CloudWatch was our most expensive AWS service. Not Lambda. Not DynamoDB. Not S3. Logs.
$0.50/GB for log ingestion across 30+ Lambda functions in production. The logging pipeline had 6 hops: Lambda → CloudWatch → Subscription Filter → processing Lambda → SNS (for fanout) → SQS → forwarder Lambda → the analytics platform.
Antoine Vivies and I looked at that pipeline and asked a different question: do we actually use CloudWatch, or are we just passing through to the analytics platform?
So we built a Lambda Extension that intercepts logs via the Logs API and sends them straight to SQS. CloudWatch still receives raw stdout but with retention set to 1 day, it's a debugging tool, not a cost center.
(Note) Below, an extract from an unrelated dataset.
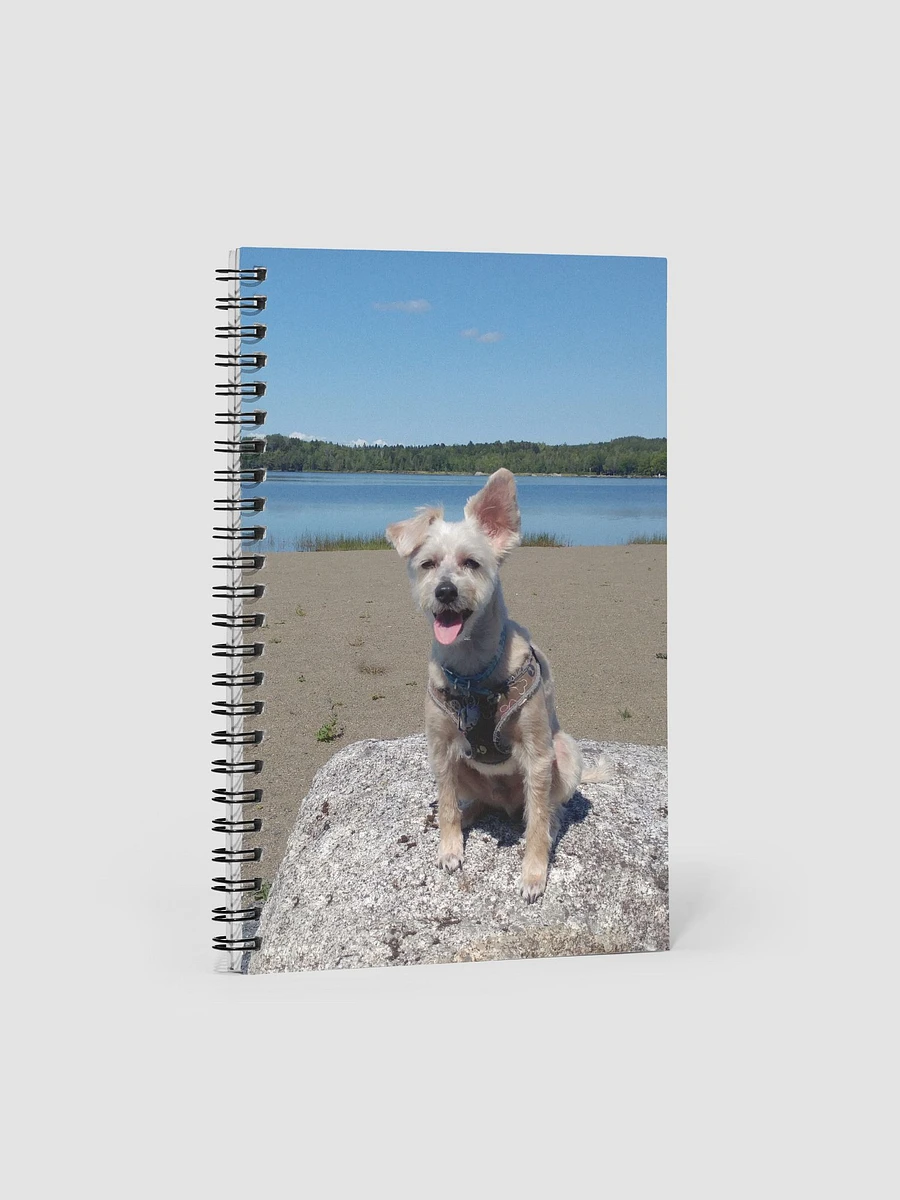 Mozzie At The Lake Spiral Notebook With Dotted Pages product image (1)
Deployed it as a Lambda Layer, so zero handler code changes across all 30+ functions.
The results: CloudWatch ingestion costs dropped 70%. Total logging pipeline cost down 60%. Six hops became three.
(Since May 2025, AWS now offers native Lambda log routing to S3 and Firehose with tiered pricing, so you may not need a custom extension anymore. But the principle still holds.)
The biggest cloud savings I've found don't come from tuning services. They come from asking "do I need this service at all?" and removing the ones I don't.